[Work order]
Write out the lines below once more, exactly as they appear. Do not include pictures.

[Information shown]

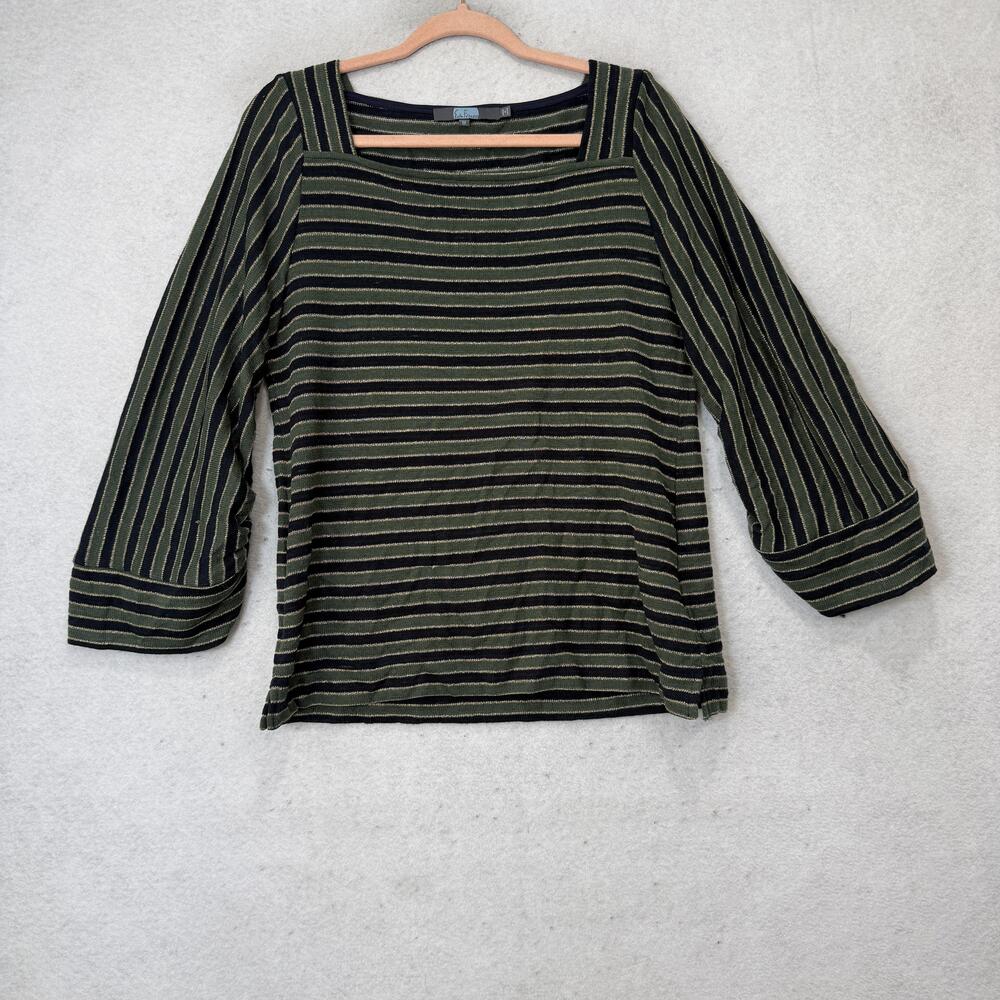 Eva Franco Blouse Womens Medium Green Stripe Square Neck 3/4 Bell Sleeve Knit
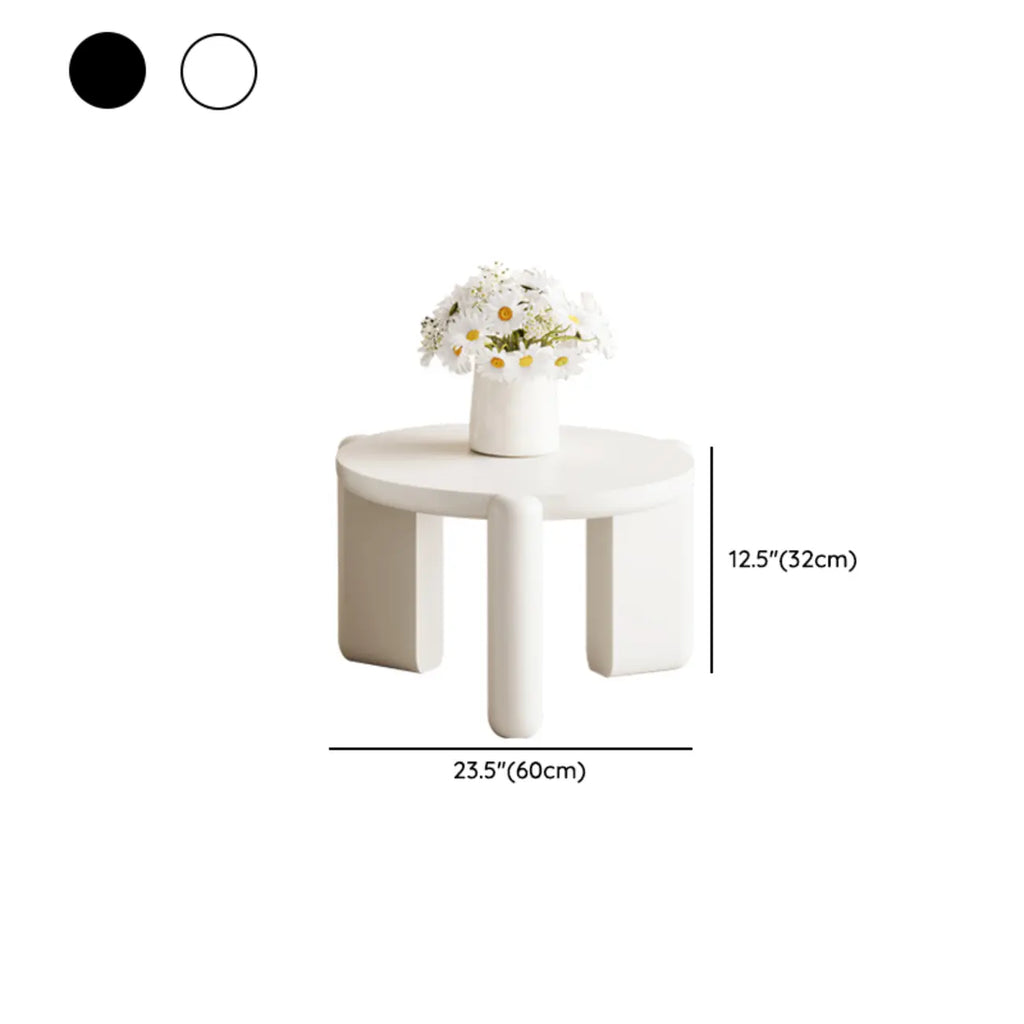 Black White Triple Leg Round Wood Coffee Table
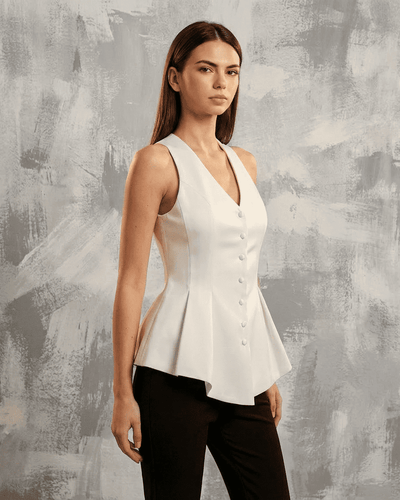 Celeste Blouse by SLIMONA - Satin tailored sleeveless V-neck design, ideal for polished daytime or evening looks.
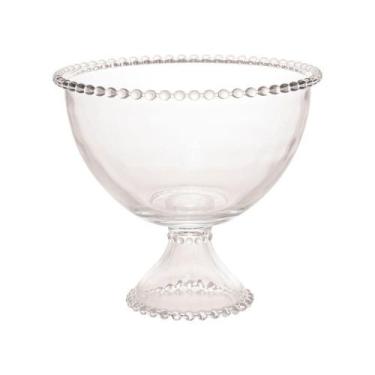 Imagem de Saladeira com Pé Cristal Pearl 21 cm x 19 cm Wolff, Transparente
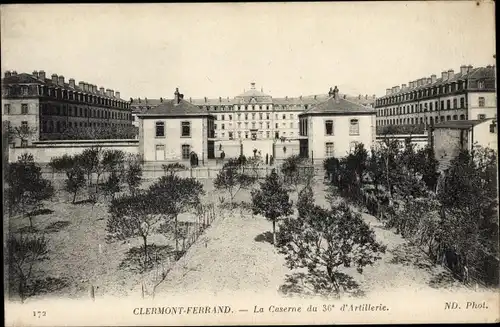 Ak Clermont Ferrand Puy de Dôme, La Caserne du 36 d'Artillerie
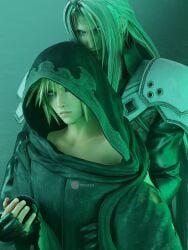 2boys blonde_hair blue_eyes cloud_strife final_fantasy final_fantasy_vii gay male sephiroth white_skin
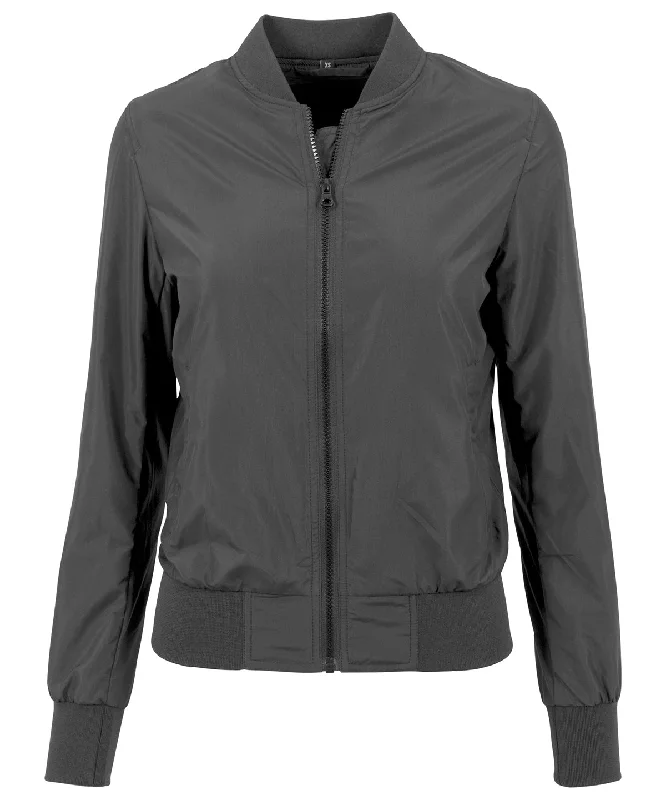 Womens nylon bomber jacket | BlackInsulated Jackets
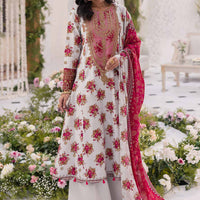 Gold Printed Embroidered Light Grey Stitched Suit - Nishat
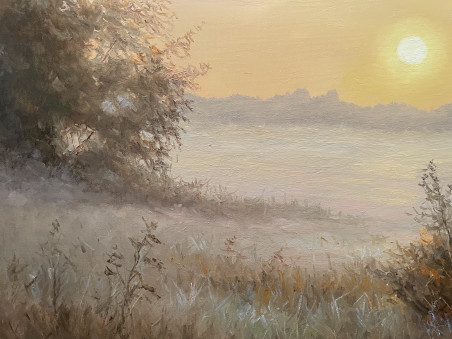 Morning Gold original painting by Rimantas Virbickas. Lithuanian Landscape Paintings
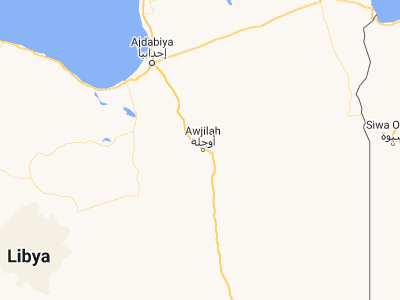 Map showing location of Awjilah (29.10806, 21.28694)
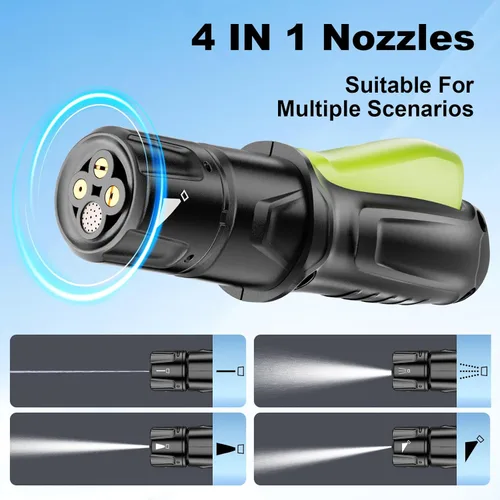 Miniatura 4 de Pulverizador de mano portátil máximo de 72 PSI, rociador de jardín inalámbrico con batería de 2000 mAh, boquilla 4 en 1, cubo plegable de 12 L
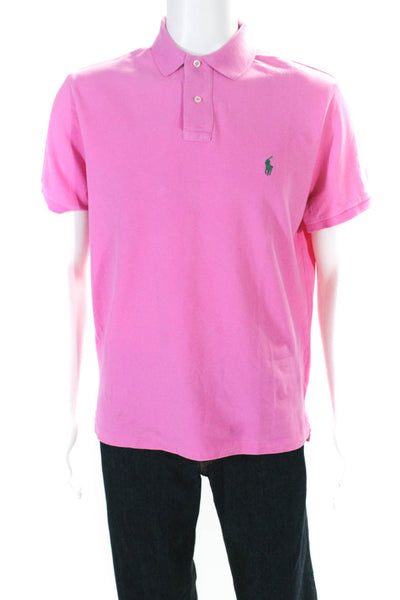 Polo Ralph Lauren Mens Cotton Short Sleeve Collared Polo Shirt Pink Size L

[Output]
 Eva Franco Blouse Womens Medium Green Stripe Square Neck 3/4 Bell Sleeve Knit
 Black White Triple Leg Round Wood Coffee Table
 Celeste Blouse by SLIMONA - Satin tailored sleeveless V-neck design, ideal for polished daytime or evening looks.
 Imagem de Saladeira com Pé Cristal Pearl 21 cm x 19 cm Wolff, Transparente
 Ak Clermont Ferrand Puy de Dôme, La Caserne du 36 d'Artillerie
 2boys blonde_hair blue_eyes cloud_strife final_fantasy final_fantasy_vii gay male sephiroth white_skin
 Womens nylon bomber jacket | BlackInsulated Jackets
 Gold Printed Embroidered Light Grey Stitched Suit - Nishat
 Morning Gold original painting by Rimantas Virbickas. Lithuanian Landscape Paintings
 Map showing location of Awjilah (29.10806, 21.28694)
 Miniatura 4 de Pulverizador de mano portátil máximo de 72 PSI, rociador de jardín inalámbrico con batería de 2000 mAh, boquilla 4 en 1, cubo plegable de 12 L
 Polo Ralph Lauren Mens Cotton Short Sleeve Collared Polo Shirt Pink Size L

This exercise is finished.